WORK ITEM >> Copy exactly, please, each line of the data below until the line that contains "Wall mirror design Coloured abstract motif" has been copied, beginning at the top.

[Dataset excerpts]
■ ■ ■

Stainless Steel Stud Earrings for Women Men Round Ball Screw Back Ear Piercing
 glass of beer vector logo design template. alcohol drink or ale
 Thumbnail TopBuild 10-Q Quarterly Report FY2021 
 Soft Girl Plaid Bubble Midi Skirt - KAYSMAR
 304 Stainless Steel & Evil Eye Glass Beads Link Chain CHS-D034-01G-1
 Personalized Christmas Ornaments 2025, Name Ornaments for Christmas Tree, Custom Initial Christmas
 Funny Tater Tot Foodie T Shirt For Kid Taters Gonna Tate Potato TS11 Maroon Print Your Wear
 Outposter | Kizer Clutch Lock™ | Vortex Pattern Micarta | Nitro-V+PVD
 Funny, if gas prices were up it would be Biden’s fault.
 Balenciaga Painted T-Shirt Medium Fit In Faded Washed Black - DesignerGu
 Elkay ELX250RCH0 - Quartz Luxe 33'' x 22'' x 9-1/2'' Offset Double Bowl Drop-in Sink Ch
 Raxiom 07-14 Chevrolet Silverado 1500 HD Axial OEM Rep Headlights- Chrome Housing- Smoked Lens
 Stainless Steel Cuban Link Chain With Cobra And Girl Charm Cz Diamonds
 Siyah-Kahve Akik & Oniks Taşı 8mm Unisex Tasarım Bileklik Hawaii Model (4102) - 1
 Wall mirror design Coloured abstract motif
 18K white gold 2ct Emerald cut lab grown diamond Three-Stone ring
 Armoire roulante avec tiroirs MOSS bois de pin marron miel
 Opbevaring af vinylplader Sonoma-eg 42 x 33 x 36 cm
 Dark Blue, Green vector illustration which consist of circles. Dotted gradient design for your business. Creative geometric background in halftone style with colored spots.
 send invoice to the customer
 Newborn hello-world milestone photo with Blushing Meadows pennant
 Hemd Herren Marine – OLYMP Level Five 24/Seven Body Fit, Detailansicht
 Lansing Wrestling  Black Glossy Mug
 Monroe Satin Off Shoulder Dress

■ ■ ■

OUTPUT OF THE TASK >>
Stainless Steel Stud Earrings for Women Men Round Ball Screw Back Ear Piercing
 glass of beer vector logo design template. alcohol drink or ale
 Thumbnail TopBuild 10-Q Quarterly Report FY2021 
 Soft Girl Plaid Bubble Midi Skirt - KAYSMAR
 304 Stainless Steel & Evil Eye Glass Beads Link Chain CHS-D034-01G-1
 Personalized Christmas Ornaments 2025, Name Ornaments for Christmas Tree, Custom Initial Christmas
 Funny Tater Tot Foodie T Shirt For Kid Taters Gonna Tate Potato TS11 Maroon Print Your Wear
 Outposter | Kizer Clutch Lock™ | Vortex Pattern Micarta | Nitro-V+PVD
 Funny, if gas prices were up it would be Biden’s fault.
 Balenciaga Painted T-Shirt Medium Fit In Faded Washed Black - DesignerGu
 Elkay ELX250RCH0 - Quartz Luxe 33'' x 22'' x 9-1/2'' Offset Double Bowl Drop-in Sink Ch
 Raxiom 07-14 Chevrolet Silverado 1500 HD Axial OEM Rep Headlights- Chrome Housing- Smoked Lens
 Stainless Steel Cuban Link Chain With Cobra And Girl Charm Cz Diamonds
 Siyah-Kahve Akik & Oniks Taşı 8mm Unisex Tasarım Bileklik Hawaii Model (4102) - 1
 Wall mirror design Coloured abstract motif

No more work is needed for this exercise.